- _DATA SHOWN_:
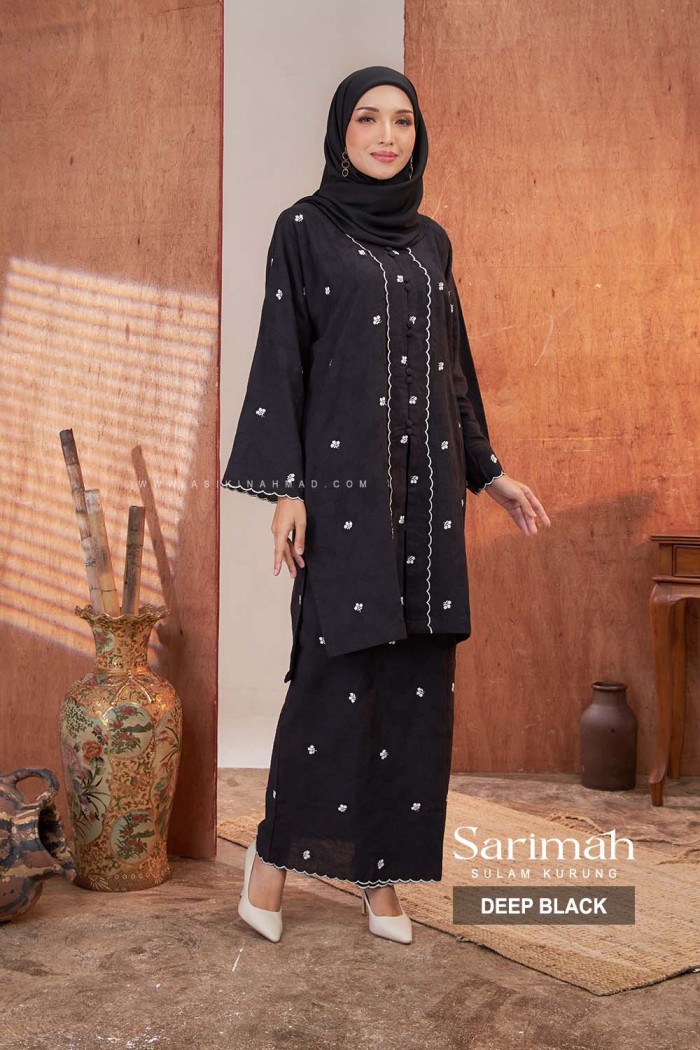 SARIMAH KURUNG SULAM in DEEP BLACK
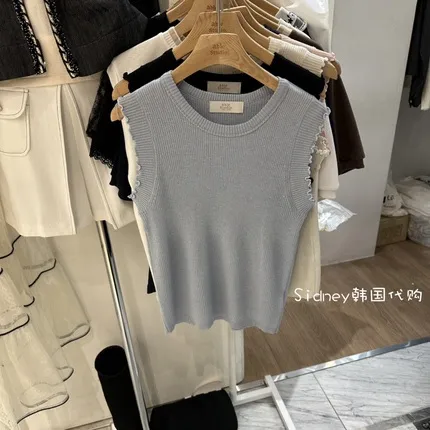 Fashionable Sleeveless Knit Top - Comfortable and Breathable for Summer Styling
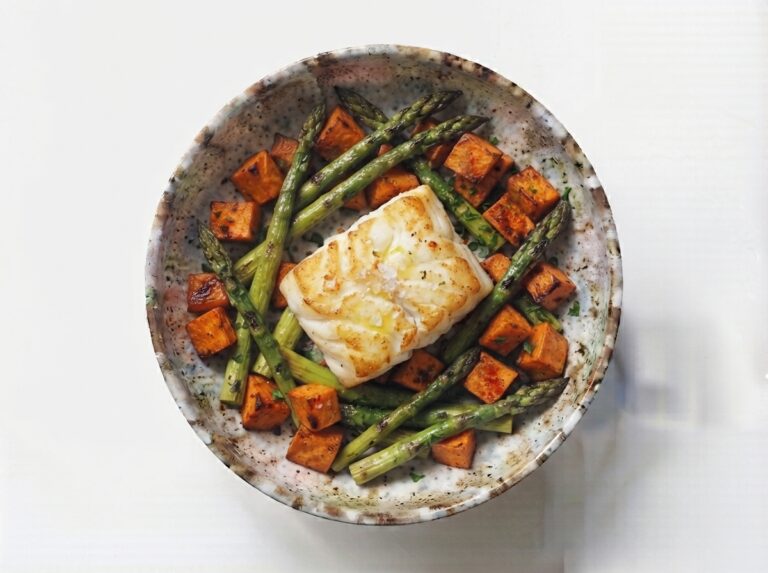 Bacalao al horno con boniato y espárragos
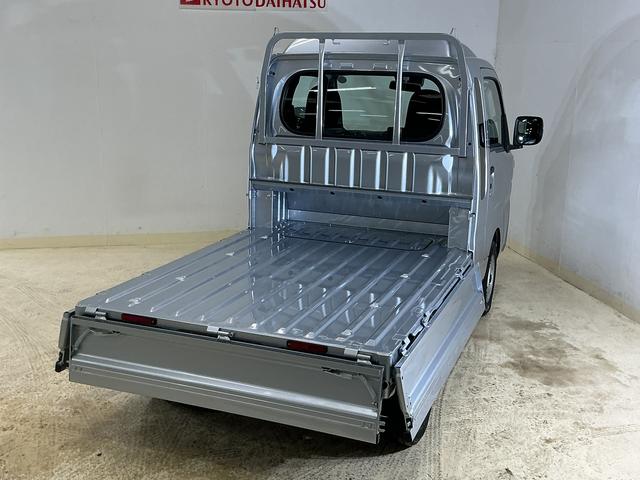ハイゼットトラックジャンボスタンダード　４ＷＤ　前後コーナーセンサー　３方開４ＷＤ　前後コーナーセンサー　オートマチックハイビーム　３方開　オートライト　スマートキー　プッシュスタート　アイドリングストップ　横滑り防止装置　スマートアシスト　盗難防止装置　スペアキー有り（京都府）の中古車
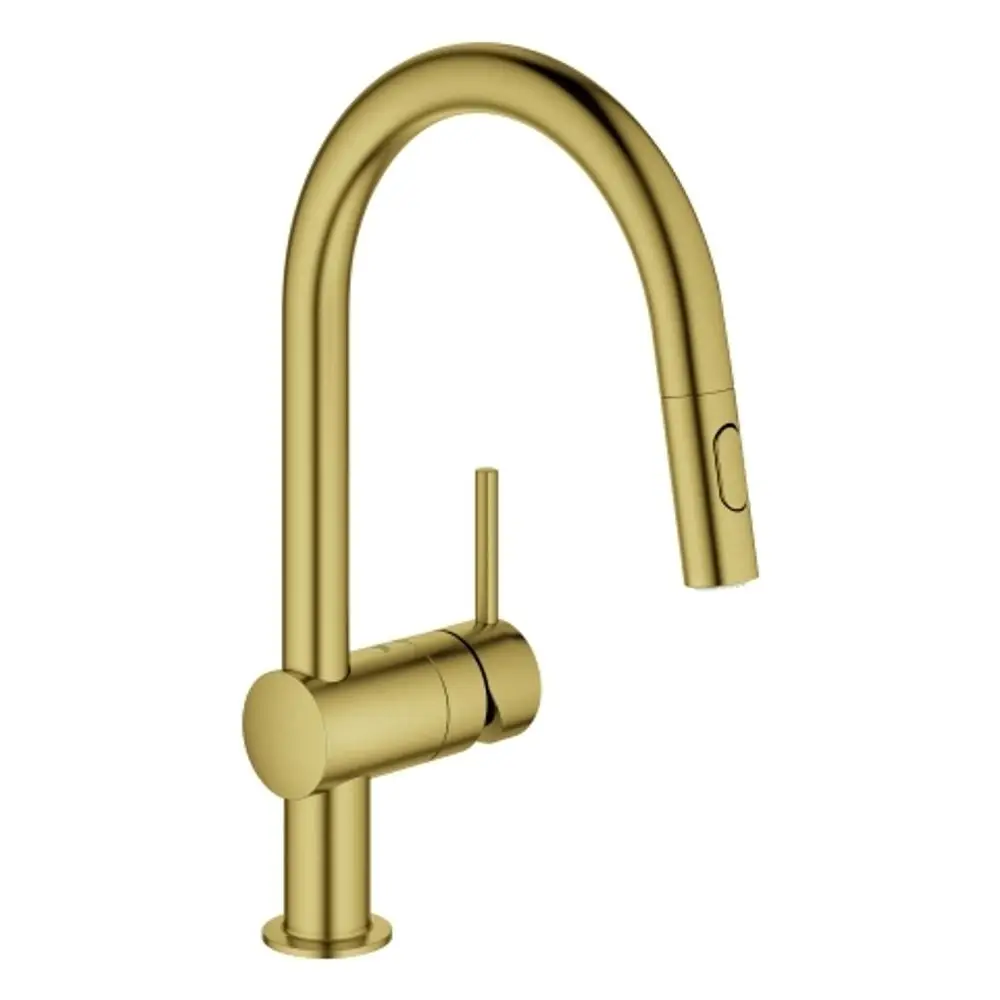 Grohe Spültischbatterie mit gebogenem Auslauf und integrierter Spülbrause in mattem Goldton. Die Bedienung erfolgt über einen seitlichen Hebel.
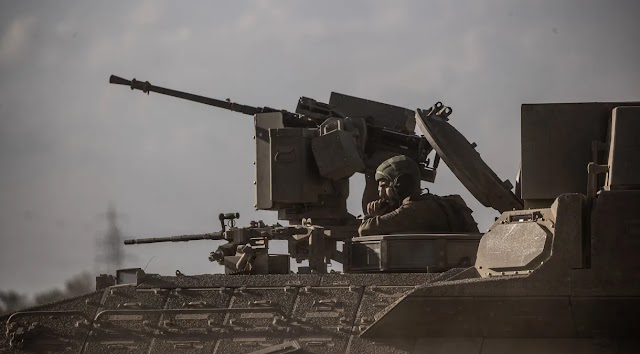 Exército de Israel avança com tanques e expande operação por terra em Gaza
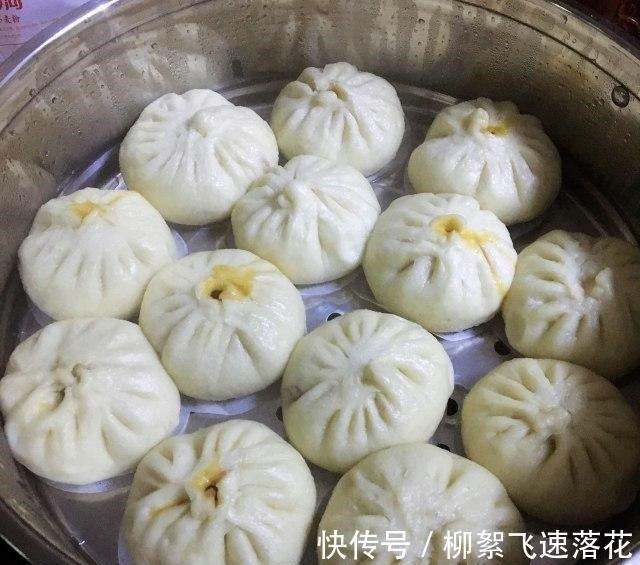 萝卜包子，皮薄馅大，暄软鲜香！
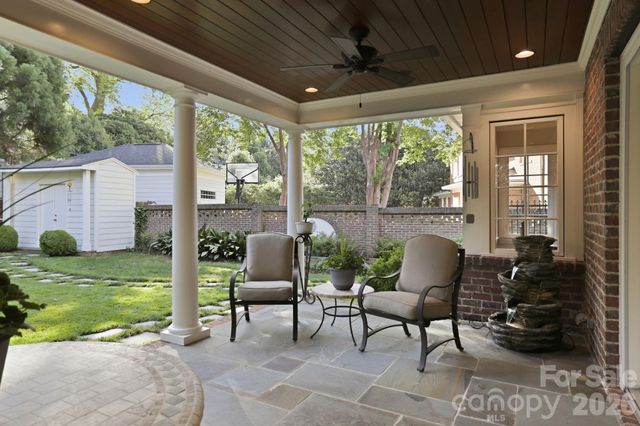 309 Hempstead Place, Charlotte, NC 28207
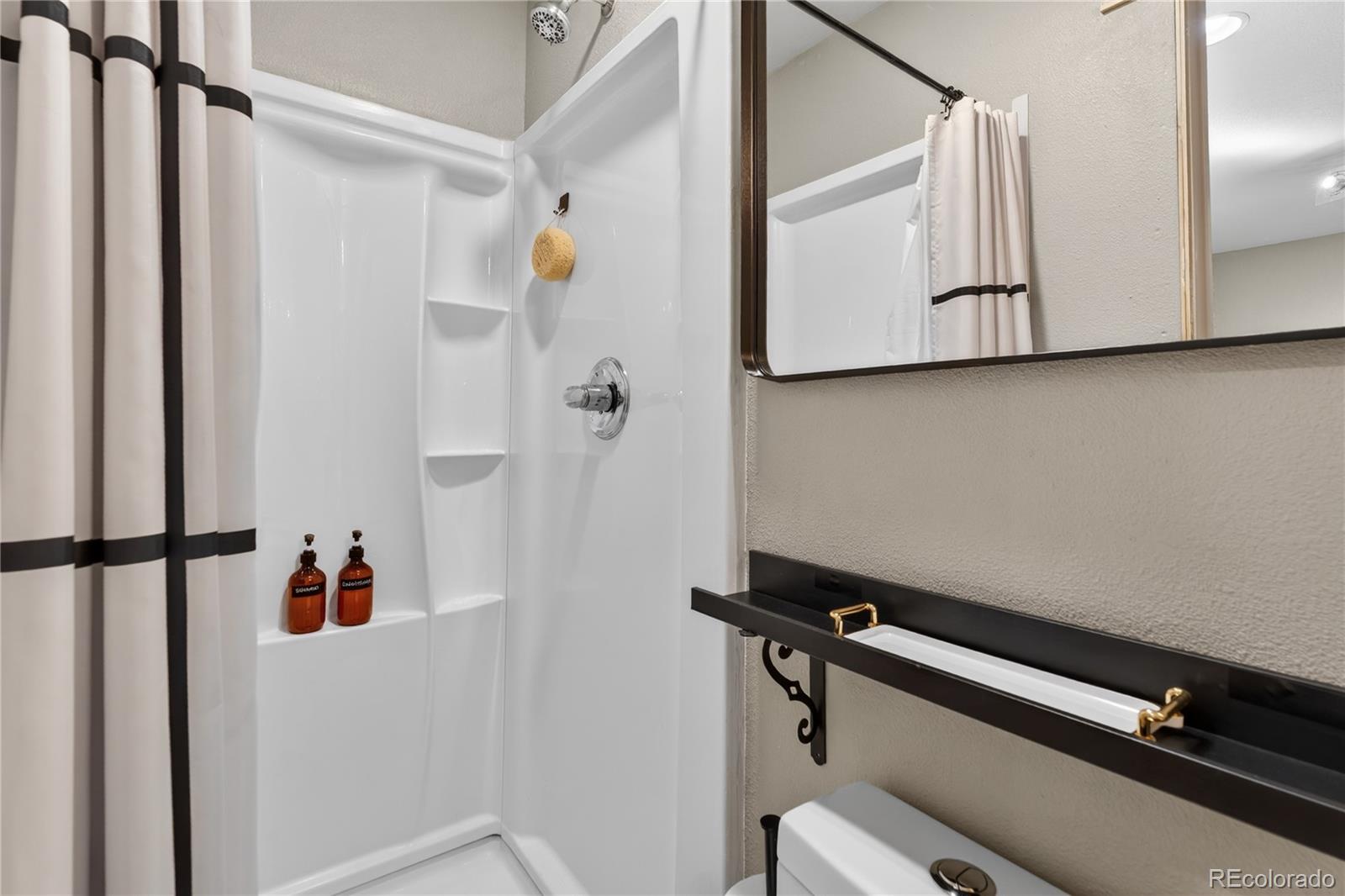 MLS Image #33 for 8250 e 29th avenue,denver, Colorado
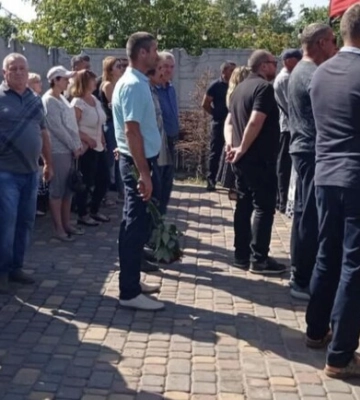 Состоялись похороны водителя, которого застрелил патрульный в Днепре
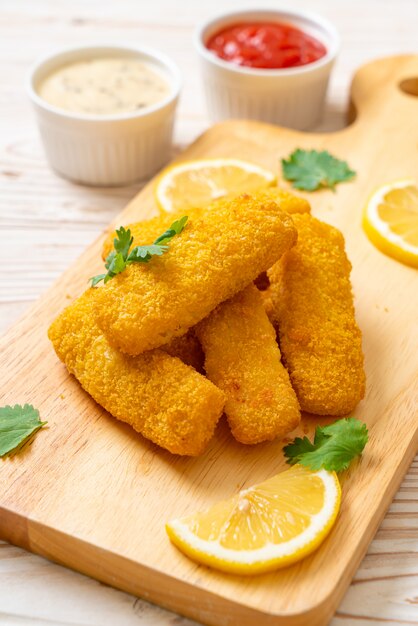 gebratener Fischstäbchen oder Pommes Frites Fisch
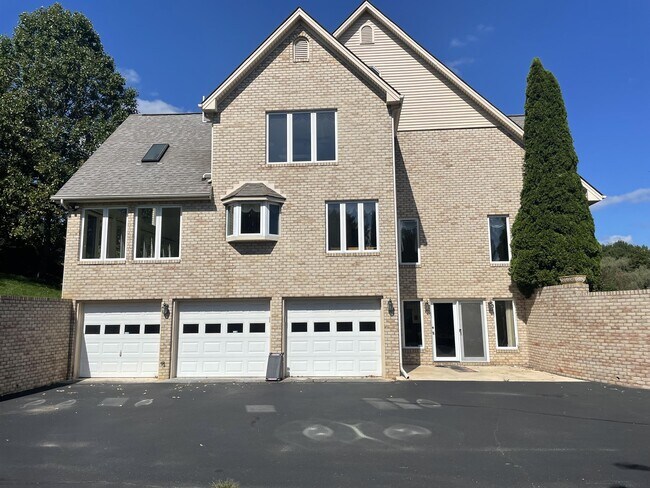 Foto del edificio - 855 Deercroft Dr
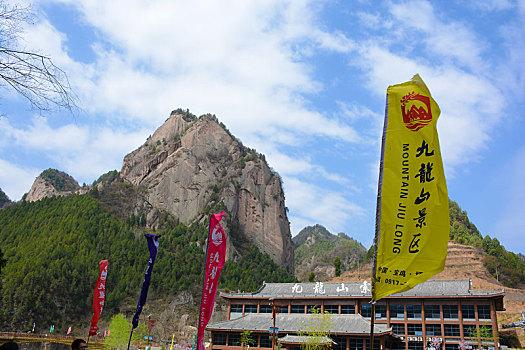 九龙山春日盛景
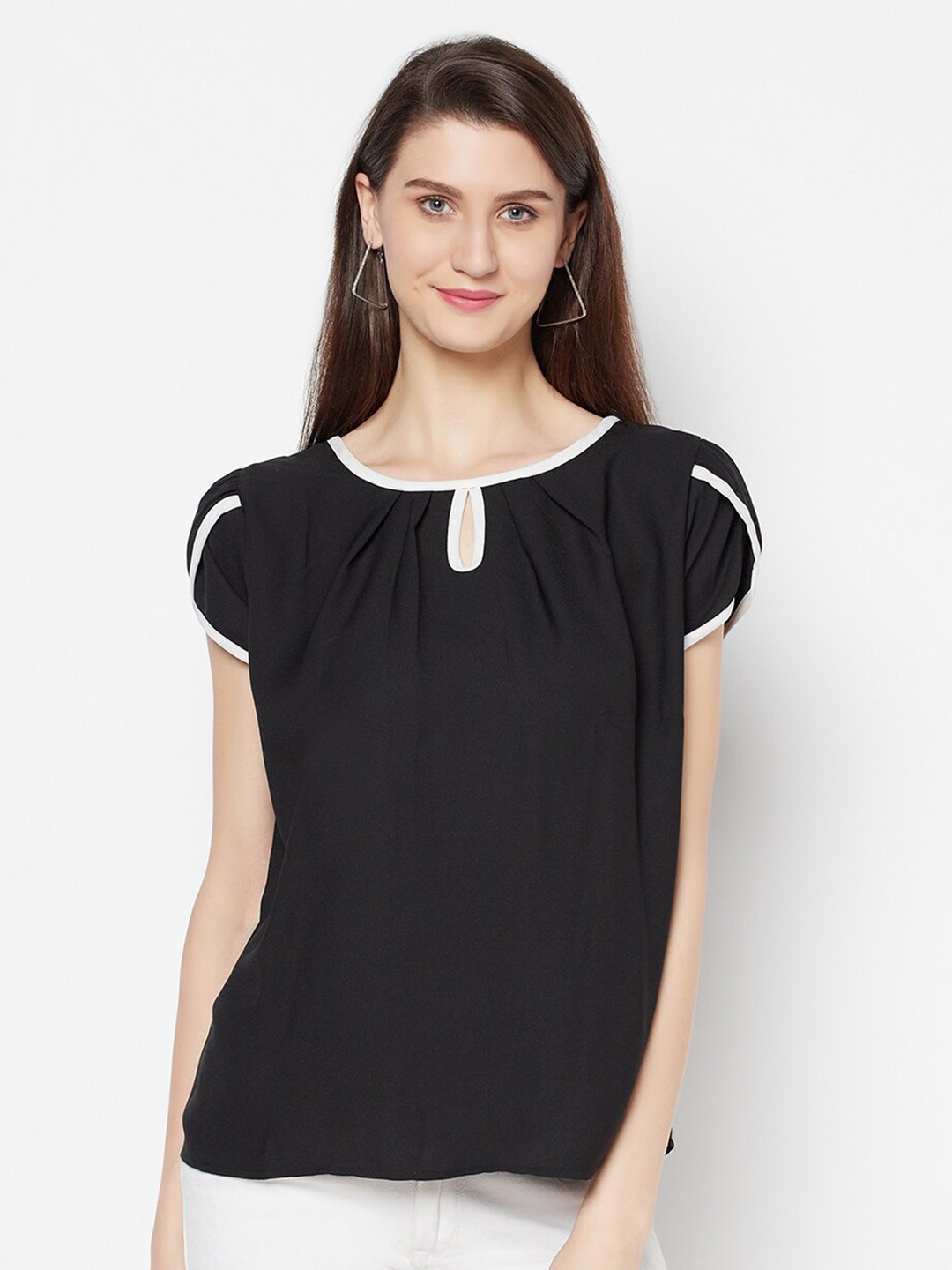 

Purple State Black Keyhole Neck Top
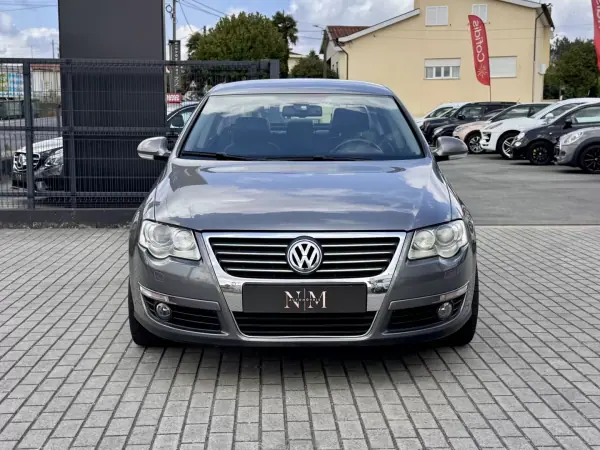 Volkswagen Passat 2005 - 6500 EUR, 234000 km - AUTO.MOTO.pt - 234000km - foto 3 de 19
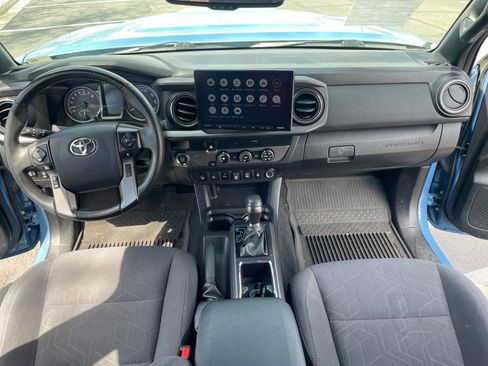 Used 2019 Toyota Tacoma TRD Sport w/ Technology Package RWD image 20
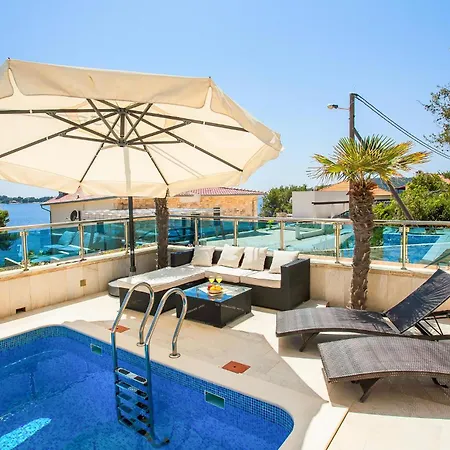 Vikendica Awesome In Blato With House Sea View Blato (Korcula)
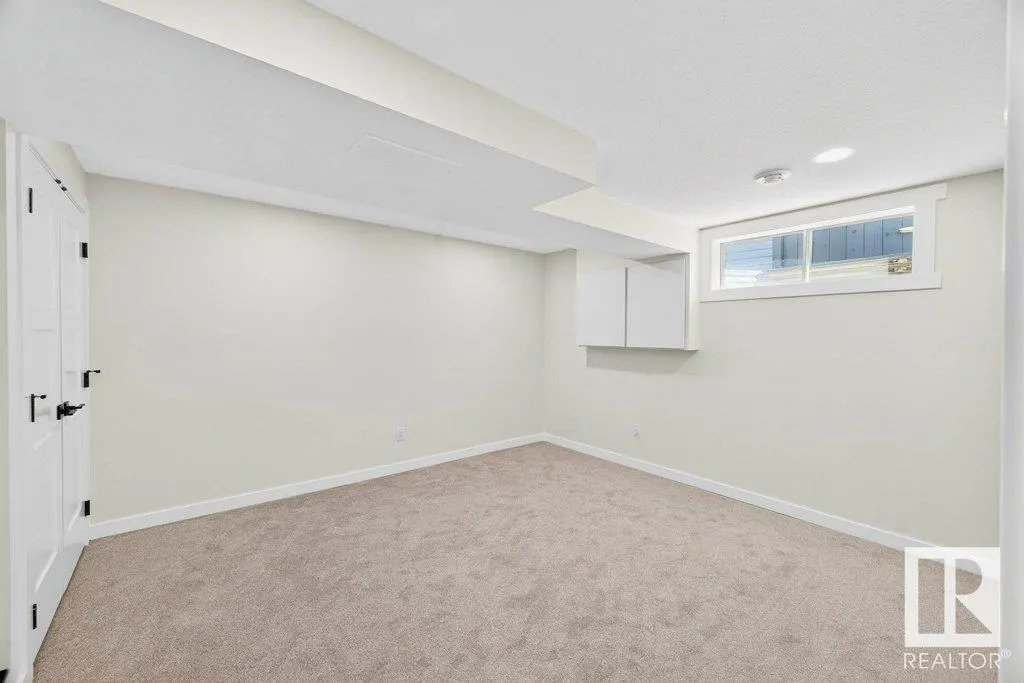 124 FOXHAVEN Court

- _WORK REQUEST_:
Write out the material above once more, exactly as it reads, with no pictures.

- _TASK SOLUTION_:
 SARIMAH KURUNG SULAM in DEEP BLACK
 Fashionable Sleeveless Knit Top - Comfortable and Breathable for Summer Styling
 Bacalao al horno con boniato y espárragos
ハイゼットトラックジャンボスタンダード　４ＷＤ　前後コーナーセンサー　３方開４ＷＤ　前後コーナーセンサー　オートマチックハイビーム　３方開　オートライト　スマートキー　プッシュスタート　アイドリングストップ　横滑り防止装置　スマートアシスト　盗難防止装置　スペアキー有り（京都府）の中古車
 Grohe Spültischbatterie mit gebogenem Auslauf und integrierter Spülbrause in mattem Goldton. Die Bedienung erfolgt über einen seitlichen Hebel.
 Exército de Israel avança com tanques e expande operação por terra em Gaza
 萝卜包子，皮薄馅大，暄软鲜香！
 309 Hempstead Place, Charlotte, NC 28207
 MLS Image #33 for 8250 e 29th avenue,denver, Colorado
 Состоялись похороны водителя, которого застрелил патрульный в Днепре
 gebratener Fischstäbchen oder Pommes Frites Fisch
 Foto del edificio - 855 Deercroft Dr
 九龙山春日盛景

Purple State Black Keyhole Neck Top
 Volkswagen Passat 2005 - 6500 EUR, 234000 km - AUTO.MOTO.pt - 234000km - foto 3 de 19
 Used 2019 Toyota Tacoma TRD Sport w/ Technology Package RWD image 20
 Vikendica Awesome In Blato With House Sea View Blato (Korcula)
 124 FOXHAVEN Court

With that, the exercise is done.